These two books are about aliens – intelligent beings who may or may not have visited our planet. Jonathan Caplan is a distinguished lawyer and believer; David Lavelle is a journalist and sceptic.
Aliens have always been with us. For at least 4,000 years there have been reports of strange visitations assumed to come from heaven, hell or simply the universe. Angels and demons were commonplace, but they were eventually replaced by technology-based visions, most often flying saucers. These could be quietly ignored until 1947, when postwar alien fever was sparked in Roswell, New Mexico. Metal and rubber debris were found which the US army initially claimed were parts of a ‘flying disc’. The story raced round the world, but the official explanation was rapidly retracted and the disc was reidentified as a weather balloon. This made matters worse. Clearly, said the true believers, this was a blatant cover-up and, over the ensuing decades, worldwide, though primarily in America, alien freaks kept the Roswell flame burning.
The release of millions of pages confirming the reality of aliens has been banned by the US government
Not for Disclosure offers the most persuasive defence yet of the cover-up theory. For Caplan, the aliens are definitely out there. ‘The collective force of the evidence contained in these pages will be a shock to most,’ he writes. That’s not what one might expect from an internationally respected lawyer, a King’s Counsel. But he has done the work: ‘This book is the product of five decades of personal research and it provides access to some of the vast body of material, much of it not readily available.’

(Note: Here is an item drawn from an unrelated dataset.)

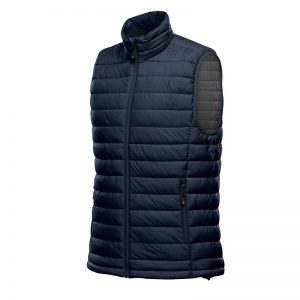 The Stormtech Mens Stavanger Thermal Vest is a warm, ultralight polyfill vest. Available in 5 colours. Sizes S - 5XL.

Caplan comes up with some startling claims. There may be 40 different alien species, the most commonly reported being ‘about 4ft tall with large, teardrop-shaped heads, wraparound black eyes, no nose or ear protuberances and a straight line for the mouth’. He also suggests a persuasive reason for the official cover-ups: the Earth-bound superpowers wish to seize alien anti-gravity methods, free energy and all the other systems available to short humanoids.
He finds these things credible because the American government has been banning the release of millions of pages of documents confirming the reality of alien visitors. Some senior politicians have given the game away. A tweet from Barack Obama as he left office revealed that his ‘biggest failure of 2014’ was once again not securing the disclosure of the UFO files. And none other than J.D. Vance considers aliens to be demons: ‘I have not been able to spend enough time on this, but I am going to. Trust me, I’m obsessed with this.’
Caplan goes into lengthy detail about the systematic suppression of UFO material, notably by Majestic 12, a group set up by President Truman to collect sensitive documents and keep them away from prying eyes, notably those of Congress. He writes: ‘It was a secret that was higher than even the atom bomb and, if necessary, people were to be killed to preserve it.’
The book as a whole is thorough and relentless. It is not just about uncovering the work of Majestic 12 and others; it is also about enlightening humanity, making us ‘more informed and more open to reviewing the confines of the physical world’.
So, should we believe that the universe is full of creatures with advanced technologies and a lively interest in the behaviour of humans? Lavelle takes this on with the wit and scepticism of a true journalist. Having been amazed by the evidence coming from believers, and crucially from the US government, he found himself ‘retrieving little green men from the bullshit box, dusting them off and inspecting them more closely’.
What follows is as funny as it is strange. He comes upon Russo and Rudy from New Jersey. They seemed respectable and serious, and they had taken pictures of ‘five bright lights drifting in formation’ in 2009. This sparked media excitement and many more reports of similar phenomena. The police said they were flares, but reputable people insisted they weren’t and they were believed. The police were right: they were flares and Russo and Rudy had perpetrated ‘the great UFO hoax of 2009’.
Lavelle is not put off. He ploughs on, not least because the theory of an establishment cover-up had become ever more likely. This increased further when Obama appeared on The Late Late Show in 2021 to say that there were objects in the skies that the government simply couldn’t explain. The word was out that ever since Roswell the US government was concealing overwhelming evidence of alien visitations and contacts.
Lavelle amusingly and doggedly pursues the story, but gradually scepticism takes over. He concludes with a moving farewell to us and the aliens:
We are the universe. We are the universe’s eyes and ears, its consciousness; and if we are alone, truly alone, we are the only chance the universe has to understand itself. So look after each other – we’re all we have.
Full disclosure. I did once see a UFO, a brilliantly illuminated disc behind some trees in Norfolk. I was under hypnosis at the time, an aspect of my research for a book entitled Aliens: Why They Are Here (2005). I was (and still am) a non-believer, concluding that aliens are here because many, perhaps most, humans want and need them to be.